WHAT THIS TASK INVOLVES:
Every line of the listing must be reproduced as it stands. Leave the images behind.

RECORDED INFORMATION:

[Start of Attachment]

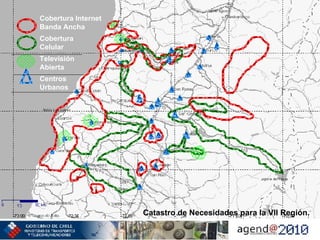 Catastro de Necesidades para la VII Región. Centros Urbanos Televisión Abierta Cobertura Celular Cobertura Internet Banda Ancha 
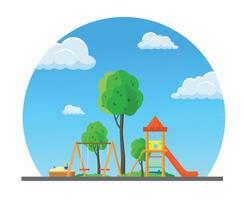 Cartoon playground for children with slide, swing and sandbox against blue sky background. vector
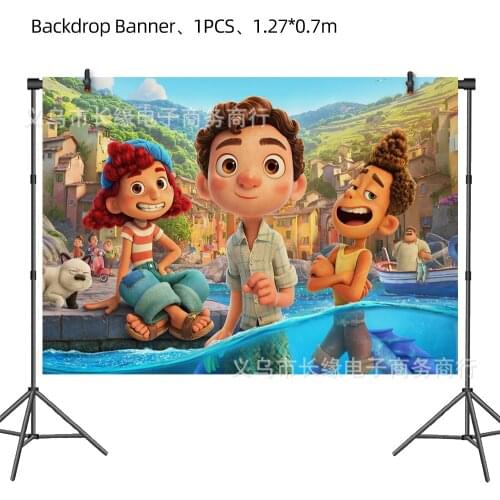 Disney Pixar Luca Alberto Sea Monster Birthday Background Anime Figure Child Cartoon Party Kids Photocall Prop Decoration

[End of Attachment]

COMPLETED EXERCISE:
 Catastro de Necesidades para la VII Región. Centros Urbanos Televisión Abierta Cobertura Celular Cobertura Internet Banda Ancha 
 Cartoon playground for children with slide, swing and sandbox against blue sky background. vector
 Disney Pixar Luca Alberto Sea Monster Birthday Background Anime Figure Child Cartoon Party Kids Photocall Prop Decoration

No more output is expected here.